• **SOURCE RECORDS**
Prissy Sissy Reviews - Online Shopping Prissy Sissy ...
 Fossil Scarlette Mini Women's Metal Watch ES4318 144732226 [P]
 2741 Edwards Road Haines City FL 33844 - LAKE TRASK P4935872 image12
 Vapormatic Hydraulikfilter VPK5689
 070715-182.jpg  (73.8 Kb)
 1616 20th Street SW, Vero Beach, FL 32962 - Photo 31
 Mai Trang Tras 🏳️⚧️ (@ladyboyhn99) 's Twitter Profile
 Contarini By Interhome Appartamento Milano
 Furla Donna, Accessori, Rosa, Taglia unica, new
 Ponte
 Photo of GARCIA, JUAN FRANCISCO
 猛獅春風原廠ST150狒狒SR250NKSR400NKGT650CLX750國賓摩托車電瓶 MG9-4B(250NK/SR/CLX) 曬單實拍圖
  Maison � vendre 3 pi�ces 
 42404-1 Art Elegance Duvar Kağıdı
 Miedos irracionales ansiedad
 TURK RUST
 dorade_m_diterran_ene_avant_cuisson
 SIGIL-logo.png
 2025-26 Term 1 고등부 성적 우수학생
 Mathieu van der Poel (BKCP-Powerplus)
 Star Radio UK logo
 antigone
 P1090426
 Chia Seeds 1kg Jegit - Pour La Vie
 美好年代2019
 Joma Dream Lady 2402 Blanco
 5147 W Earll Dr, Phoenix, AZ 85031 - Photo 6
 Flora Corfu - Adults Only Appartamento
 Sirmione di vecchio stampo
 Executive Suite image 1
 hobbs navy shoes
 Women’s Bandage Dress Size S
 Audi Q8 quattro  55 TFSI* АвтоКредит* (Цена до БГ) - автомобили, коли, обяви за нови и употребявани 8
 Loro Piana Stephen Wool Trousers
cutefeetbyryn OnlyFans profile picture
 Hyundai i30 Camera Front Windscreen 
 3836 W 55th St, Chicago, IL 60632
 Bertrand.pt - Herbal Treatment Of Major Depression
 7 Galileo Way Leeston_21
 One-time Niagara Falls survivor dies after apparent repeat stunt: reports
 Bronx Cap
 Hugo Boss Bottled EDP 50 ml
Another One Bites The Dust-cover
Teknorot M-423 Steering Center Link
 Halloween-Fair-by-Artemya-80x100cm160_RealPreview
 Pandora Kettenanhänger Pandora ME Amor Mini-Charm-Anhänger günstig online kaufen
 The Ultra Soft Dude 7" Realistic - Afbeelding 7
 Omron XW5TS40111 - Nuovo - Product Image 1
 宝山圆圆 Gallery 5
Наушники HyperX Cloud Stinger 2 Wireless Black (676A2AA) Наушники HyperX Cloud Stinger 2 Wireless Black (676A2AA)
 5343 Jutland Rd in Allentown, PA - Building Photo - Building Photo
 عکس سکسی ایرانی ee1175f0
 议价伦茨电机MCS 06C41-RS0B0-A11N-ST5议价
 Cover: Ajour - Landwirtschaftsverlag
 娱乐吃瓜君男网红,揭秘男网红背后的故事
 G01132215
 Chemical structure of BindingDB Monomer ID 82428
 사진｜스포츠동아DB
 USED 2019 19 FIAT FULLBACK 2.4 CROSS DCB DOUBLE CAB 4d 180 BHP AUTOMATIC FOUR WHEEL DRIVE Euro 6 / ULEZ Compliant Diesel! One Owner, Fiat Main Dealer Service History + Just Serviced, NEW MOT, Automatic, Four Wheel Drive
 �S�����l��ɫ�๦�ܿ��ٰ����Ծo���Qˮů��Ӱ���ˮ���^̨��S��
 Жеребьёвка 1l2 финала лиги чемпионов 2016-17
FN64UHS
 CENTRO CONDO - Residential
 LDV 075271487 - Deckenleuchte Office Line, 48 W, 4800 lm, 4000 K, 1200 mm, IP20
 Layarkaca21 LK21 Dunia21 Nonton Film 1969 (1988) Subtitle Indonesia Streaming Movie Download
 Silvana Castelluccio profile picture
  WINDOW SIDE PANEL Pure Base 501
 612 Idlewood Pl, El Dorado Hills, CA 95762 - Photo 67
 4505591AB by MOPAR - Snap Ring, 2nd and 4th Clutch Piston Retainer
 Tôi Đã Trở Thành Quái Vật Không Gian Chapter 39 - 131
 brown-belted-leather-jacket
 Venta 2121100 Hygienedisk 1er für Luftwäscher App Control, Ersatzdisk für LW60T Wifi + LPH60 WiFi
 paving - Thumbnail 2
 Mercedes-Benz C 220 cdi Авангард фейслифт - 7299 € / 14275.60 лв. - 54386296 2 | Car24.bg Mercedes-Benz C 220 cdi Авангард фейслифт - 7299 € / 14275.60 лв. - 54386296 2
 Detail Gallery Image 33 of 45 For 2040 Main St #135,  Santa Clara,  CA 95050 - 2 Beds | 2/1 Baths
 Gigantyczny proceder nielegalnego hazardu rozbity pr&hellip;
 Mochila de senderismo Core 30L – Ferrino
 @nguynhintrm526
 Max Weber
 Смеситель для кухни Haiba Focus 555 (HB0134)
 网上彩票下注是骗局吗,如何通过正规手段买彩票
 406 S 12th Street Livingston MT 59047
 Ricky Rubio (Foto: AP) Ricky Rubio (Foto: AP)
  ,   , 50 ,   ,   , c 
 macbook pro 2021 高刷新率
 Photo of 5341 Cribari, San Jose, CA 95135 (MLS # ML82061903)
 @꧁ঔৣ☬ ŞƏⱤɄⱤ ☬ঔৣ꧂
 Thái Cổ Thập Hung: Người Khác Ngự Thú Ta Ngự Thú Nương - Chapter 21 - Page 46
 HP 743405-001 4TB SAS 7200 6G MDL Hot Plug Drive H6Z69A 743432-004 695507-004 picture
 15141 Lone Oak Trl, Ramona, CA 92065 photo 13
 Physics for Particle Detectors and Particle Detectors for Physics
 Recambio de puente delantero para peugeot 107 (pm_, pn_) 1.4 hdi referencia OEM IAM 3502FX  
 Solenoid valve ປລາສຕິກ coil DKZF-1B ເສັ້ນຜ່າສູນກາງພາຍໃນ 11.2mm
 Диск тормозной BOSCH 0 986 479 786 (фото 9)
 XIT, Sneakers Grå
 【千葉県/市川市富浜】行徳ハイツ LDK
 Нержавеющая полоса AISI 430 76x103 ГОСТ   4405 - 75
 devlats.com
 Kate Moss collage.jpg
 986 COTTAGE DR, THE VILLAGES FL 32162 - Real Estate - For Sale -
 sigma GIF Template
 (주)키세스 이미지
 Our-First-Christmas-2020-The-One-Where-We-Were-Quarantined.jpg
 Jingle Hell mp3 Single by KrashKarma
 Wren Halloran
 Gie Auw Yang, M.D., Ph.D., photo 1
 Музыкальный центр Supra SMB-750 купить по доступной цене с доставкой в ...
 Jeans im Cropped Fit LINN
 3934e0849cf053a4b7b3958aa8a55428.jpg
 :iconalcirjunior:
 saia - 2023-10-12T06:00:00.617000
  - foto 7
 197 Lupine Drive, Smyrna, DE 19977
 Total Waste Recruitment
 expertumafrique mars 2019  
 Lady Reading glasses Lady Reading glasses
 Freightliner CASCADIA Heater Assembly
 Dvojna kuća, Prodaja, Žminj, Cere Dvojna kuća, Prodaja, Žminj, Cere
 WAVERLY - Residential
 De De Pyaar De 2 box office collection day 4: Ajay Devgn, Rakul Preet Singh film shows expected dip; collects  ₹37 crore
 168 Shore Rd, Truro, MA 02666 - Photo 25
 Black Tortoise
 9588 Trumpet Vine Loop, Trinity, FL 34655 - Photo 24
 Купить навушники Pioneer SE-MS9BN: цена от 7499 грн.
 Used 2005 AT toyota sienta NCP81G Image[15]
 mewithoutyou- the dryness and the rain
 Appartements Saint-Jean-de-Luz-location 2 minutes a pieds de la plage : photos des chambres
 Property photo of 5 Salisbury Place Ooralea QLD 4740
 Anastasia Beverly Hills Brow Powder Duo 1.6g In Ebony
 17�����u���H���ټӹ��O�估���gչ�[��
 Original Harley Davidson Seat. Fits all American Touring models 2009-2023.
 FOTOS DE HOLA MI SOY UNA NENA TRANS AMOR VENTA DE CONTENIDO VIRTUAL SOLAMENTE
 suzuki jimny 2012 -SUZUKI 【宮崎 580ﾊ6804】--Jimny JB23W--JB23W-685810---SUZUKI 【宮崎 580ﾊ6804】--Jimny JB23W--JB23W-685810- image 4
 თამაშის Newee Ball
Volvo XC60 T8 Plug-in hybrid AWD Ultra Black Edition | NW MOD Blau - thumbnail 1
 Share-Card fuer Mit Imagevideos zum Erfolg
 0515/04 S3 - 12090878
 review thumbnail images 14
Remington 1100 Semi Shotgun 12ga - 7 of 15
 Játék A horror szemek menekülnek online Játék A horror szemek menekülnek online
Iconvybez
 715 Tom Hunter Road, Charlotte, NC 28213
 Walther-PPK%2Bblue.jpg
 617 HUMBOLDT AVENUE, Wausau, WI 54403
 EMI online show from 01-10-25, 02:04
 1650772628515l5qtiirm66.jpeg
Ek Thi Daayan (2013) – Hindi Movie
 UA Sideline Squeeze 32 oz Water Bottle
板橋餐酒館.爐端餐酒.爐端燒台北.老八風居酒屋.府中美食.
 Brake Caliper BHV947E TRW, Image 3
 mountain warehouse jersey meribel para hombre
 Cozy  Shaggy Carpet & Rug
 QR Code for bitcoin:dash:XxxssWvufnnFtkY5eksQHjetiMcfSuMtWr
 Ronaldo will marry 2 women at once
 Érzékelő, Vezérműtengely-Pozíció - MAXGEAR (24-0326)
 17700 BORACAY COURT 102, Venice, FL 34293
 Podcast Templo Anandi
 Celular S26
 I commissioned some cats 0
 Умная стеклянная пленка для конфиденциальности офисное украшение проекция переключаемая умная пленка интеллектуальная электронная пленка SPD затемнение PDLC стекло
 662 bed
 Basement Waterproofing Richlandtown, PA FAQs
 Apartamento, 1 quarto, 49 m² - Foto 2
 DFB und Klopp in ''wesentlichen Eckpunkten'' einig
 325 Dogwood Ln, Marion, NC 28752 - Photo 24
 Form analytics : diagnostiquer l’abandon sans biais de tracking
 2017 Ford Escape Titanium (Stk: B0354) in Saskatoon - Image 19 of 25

• **TASK DESCRIPTION**
Look back at the entries above and repeat, unchanged, every line from the line holding "0515/04 S3 - 12090878" through the line holding "I commissioned some cats 0".

• **SOLVED PROBLEM**
 0515/04 S3 - 12090878
 review thumbnail images 14
Remington 1100 Semi Shotgun 12ga - 7 of 15
 Játék A horror szemek menekülnek online Játék A horror szemek menekülnek online
Iconvybez
 715 Tom Hunter Road, Charlotte, NC 28213
 Walther-PPK%2Bblue.jpg
 617 HUMBOLDT AVENUE, Wausau, WI 54403
 EMI online show from 01-10-25, 02:04
 1650772628515l5qtiirm66.jpeg
Ek Thi Daayan (2013) – Hindi Movie
 UA Sideline Squeeze 32 oz Water Bottle
板橋餐酒館.爐端餐酒.爐端燒台北.老八風居酒屋.府中美食.
 Brake Caliper BHV947E TRW, Image 3
 mountain warehouse jersey meribel para hombre
 Cozy  Shaggy Carpet & Rug
 QR Code for bitcoin:dash:XxxssWvufnnFtkY5eksQHjetiMcfSuMtWr
 Ronaldo will marry 2 women at once
 Érzékelő, Vezérműtengely-Pozíció - MAXGEAR (24-0326)
 17700 BORACAY COURT 102, Venice, FL 34293
 Podcast Templo Anandi
 Celular S26
 I commissioned some cats 0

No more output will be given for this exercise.